Ben Barnes, Malloy’s budget chief, questioned the hospitals’ doomsday predictions. He pointed to a recent state report showing Connecticut’s hospitals made hundreds of millions of dollars last year, with a couple of exceptions.
Barnes said he understands that the hospitals don’t like Malloy’s latest proposed changes. But he said if the system of paying for health care is successfully reformed, then more money will be spent on primary, preventive care and less on acute care. He said that ultimately means less money goes to hospitals, even though some are expanding their operations.
“Plus, we have a horrible budget situation that involves needing to make prioritizations,” he said, adding that the state is “not in the position to subsidize the expansion of an industry which, while it’s absolutely critical, we don’t believe it needs to be any larger in the state of Connecticut.”

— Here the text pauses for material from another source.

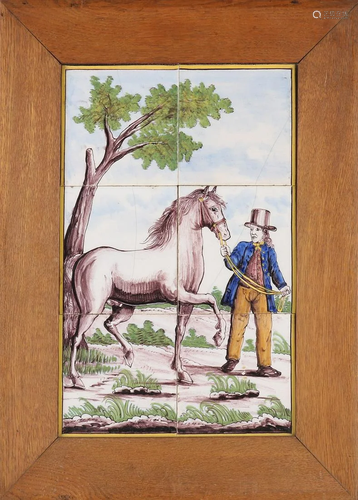 Dutch polychrome 6-pass tile panel with horse driver +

Peter Karl is president and CEO of Eastern Connecticut Health Network, which includes Manchester Memorial Hospital, Rockville General Hospital and other operations. He said communities depend on hospitals and the Malloy administration needs to remember that those facilities are some of the largest local employers, taking care of the sickest patients in Connecticut.
“And if the governor and his staff doesn’t care about that, then hopefully he doesn’t get sick in a town that’s going to lose a hospital,” Karl said.